How does bitrate differ for the same resolution and framerate?
Reading about video quality I found that it depends of resolution, frames per second and bitrate, which decides the size of the video.
My question is how the bitrate is calculated and how it can differ.
Let's say a video has a 360x240 resolution. It takes 86400 pixels per frame. The frame rate is 30 Hz. So the video takes 86400 × 30 = 2592000 pixels per second.
So let's say 1 pixel is 3 Bytes (24 Bits) of data: we have 2592000 × 24 bits per second video (62208000 Bits), that is 62208 kBits (This does not sound right, maybe some problem in my calculation).
But how can it differ and how does it make difference in quality?
What you've calculated is the bitrate for a raw, uncompressed video. You typically won't find these except in research or other specialized applications. Even broadcasters use compressed video, albeit at a much higher bitrate than your typical YouTube video.
So, video quality has a lot to do with how the video was compressed. The more you compress it, the less bits it takes per frame. Also, the more you compress, the worse the quality is. Now, some videos are much easier to compress than others – in essence, this is why they have a lower bitrate even though they have the same resolution and framerate.
In order to understand why this is, you need to be aware of the two main principles video compression uses. These are called "spatial" and "temporal redundancy".
Spatial redundancy
Spatial redundancy exists in images that show natural content. This is the reason JPEG works so well — it compresses image data because blocks of pixels can be coded together. These are 8 × 8 pixels, for example. These are called "macroblocks".
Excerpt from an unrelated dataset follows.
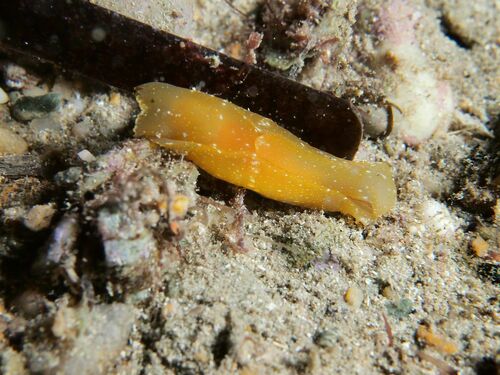 Melanochlamys wildpretii - Photo (c) xavi salvador costa, some rights reserved (CC BY-NC)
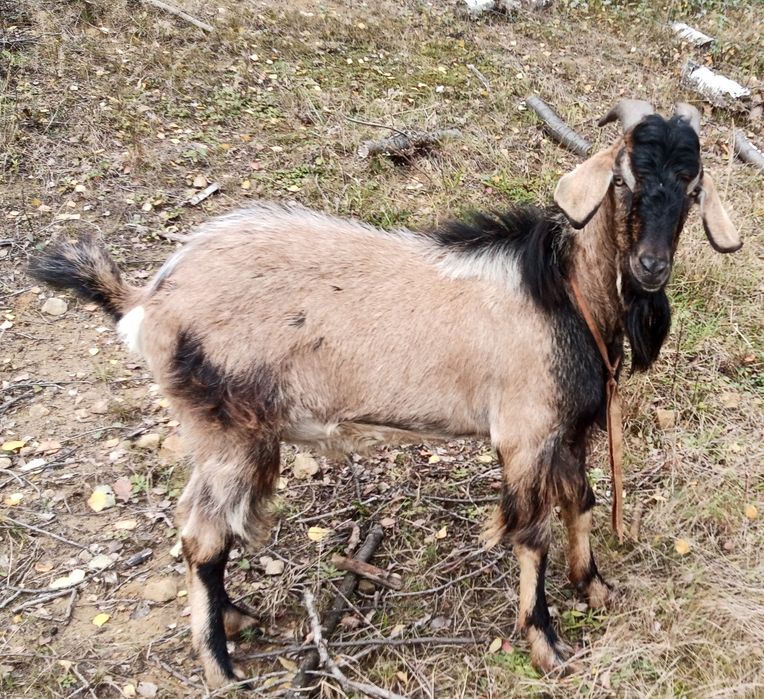 Kozioł cap sprzedam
Modern video codecs do the same: They basically use similar algorithms to JPEG in order to compress a frame, block by block. So you don't store bits per pixel anymore, but bits per macroblock, because you "summarize" pixels into larger groups. By summarizing them, the algorithm will also discard information that is not visible to the human eye — this is where you can reduce most of the bitrate. It works by quantizing the data. This will retain frequencies that are more perceivable and "throw away" those we can't see. Quantizing factor is expressed as "QP" in most codecs, and it's the main control knob for quality.
You can now even go ahead and predict macroblocks from macroblocks that have been previously encoded in the same image. This is called intra prediction. For example, a part of a grey wall was already encoded in the upper left corner of the frame, so we can use that macroblock in the same frame again, for example for the macroblock right next to it. We will just store the difference it had to the previous one and save data. This way, we don't have to encode two macroblocks that are very similar to each other.
Why does bitrate change for same image size? Well, some images are easier to encode than others. The higher the spatial activity, the more you actually have to encode. Smooth textures take up less bits than detailed ones. The same goes for intra prediction: A frame of a grey wall will allow you to use one macroblock to predict all others, whereas a frame of flowing water might not work that well.
Temporal redundancy
This exists because a frame following another frame is probably very similar to its predecessor. Mostly, just a tiny bit changes, and it wouldn't make sense to fully encode it. What video encoders do is just encode the difference between two subsequent frames, just like they can do for macroblocks.
Taking an example from Wikipedia's article on motion compensation, let's say this is your original frame:
Then the difference to the next frame is just this:
The encoder now only stores the actual differences, not the pixel-by-pixel values. This is why the bits used for each frame are not the same every time. These "difference" frames depend on a fully encoded frame, and this is why there are at least two types of frames for modern codecs:
- I-frames (aka keyframes) — these are the fully encoded ones
- P-frames — these are the ones that just store the difference
You occasionally need to insert I-frames into a video. The actual bitrate depends also on the number of I-frames used. Moreover, the more difference in motion there is between two subsequent frames, the more the encoder has to store. A video of "nothing" moving will be easier to encode than a sports video, and use less bits per frame.
I believe your math is actually correct, but there is a little more to it; compression is the missing link here.
You calculated the uncompressed bit rate, and came up with the reason that compression exists. The bit rates become impossibly large with uncompressed video. So, they compress the video at the source, and uncompress it at the receiver, and then the bit rate becomes manageable. You just need a fast enough decompressor, which may be hardware or software.
So, the issue becomes how much compression can be tolerated - it's not lossless, usually, so you are losing information, but they try to make it intelligent enough to lose the less important data that won't be so noticeable. It usually is fairly easy until there is a lot of motion, then it becomes more complicated.
Edit: Forgot to add, but the parts that implement the compression method is the codec; I noticed that you used this as a tag in your post.